■ RAW DATA:

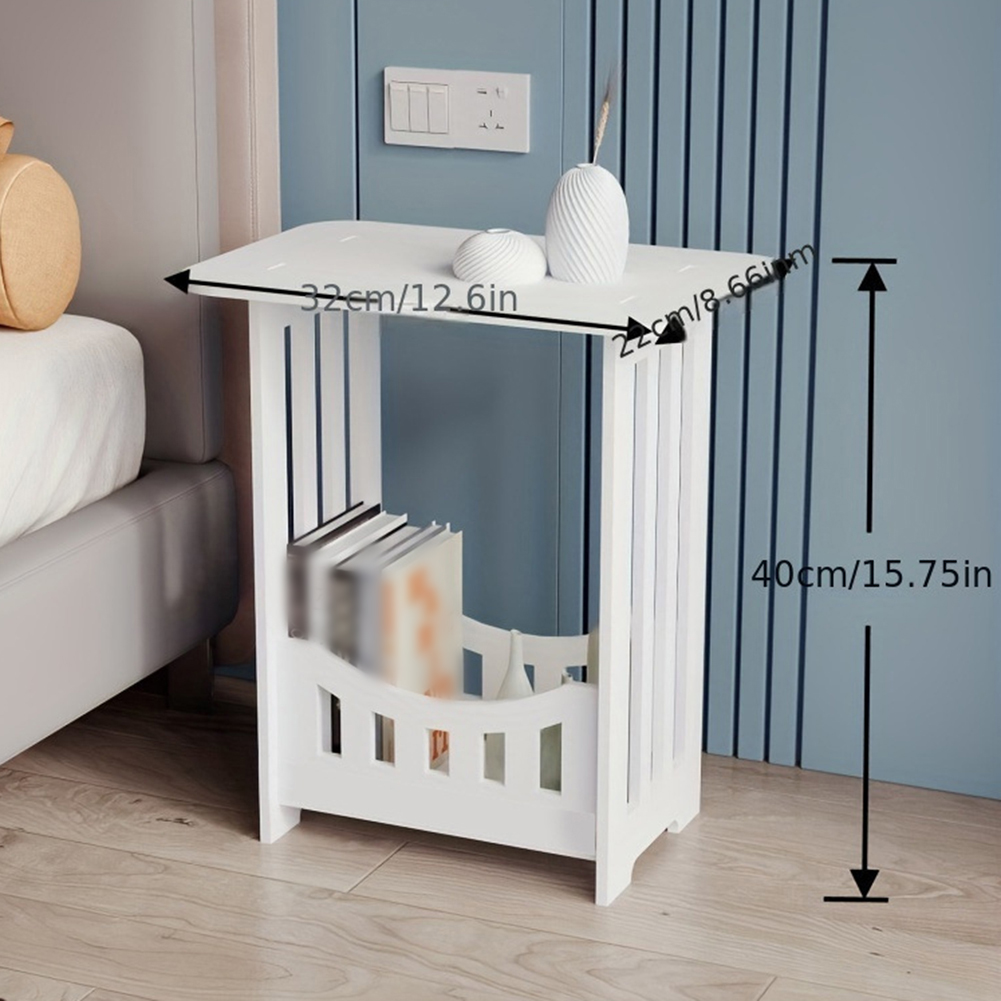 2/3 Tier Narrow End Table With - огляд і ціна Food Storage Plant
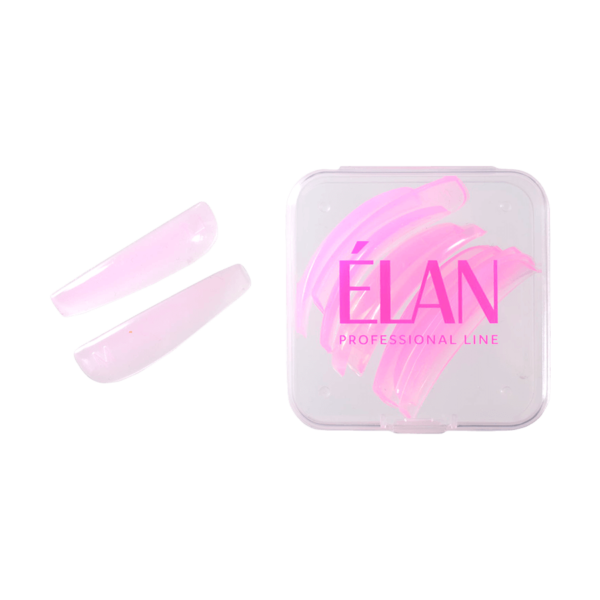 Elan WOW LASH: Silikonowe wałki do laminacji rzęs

--

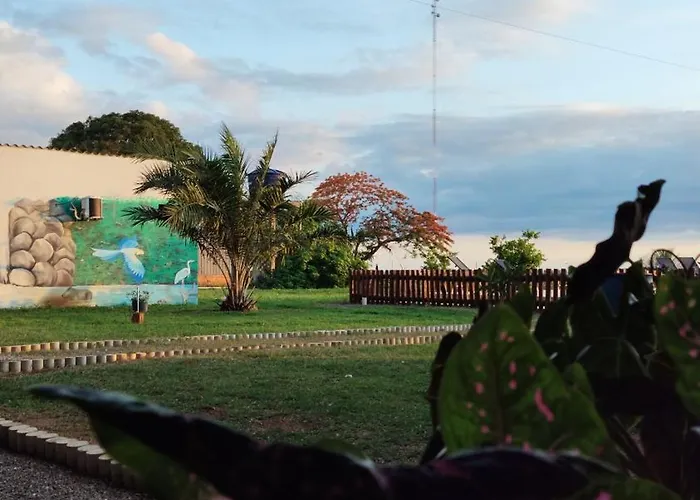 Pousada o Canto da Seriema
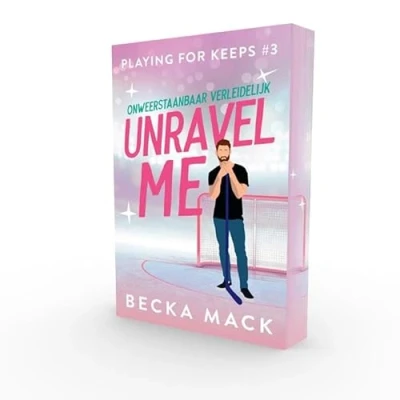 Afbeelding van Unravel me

■ REQUIRED ACTION: Out of the records above, return only the lines from the one with "2/3 Tier Narrow" through the one with "Elan WOW LASH: Silikonowe", exactly, and none of the pictures.

■ EXERCISE ANSWER:
 2/3 Tier Narrow End Table With - огляд і ціна Food Storage Plant
 Elan WOW LASH: Silikonowe wałki do laminacji rzęs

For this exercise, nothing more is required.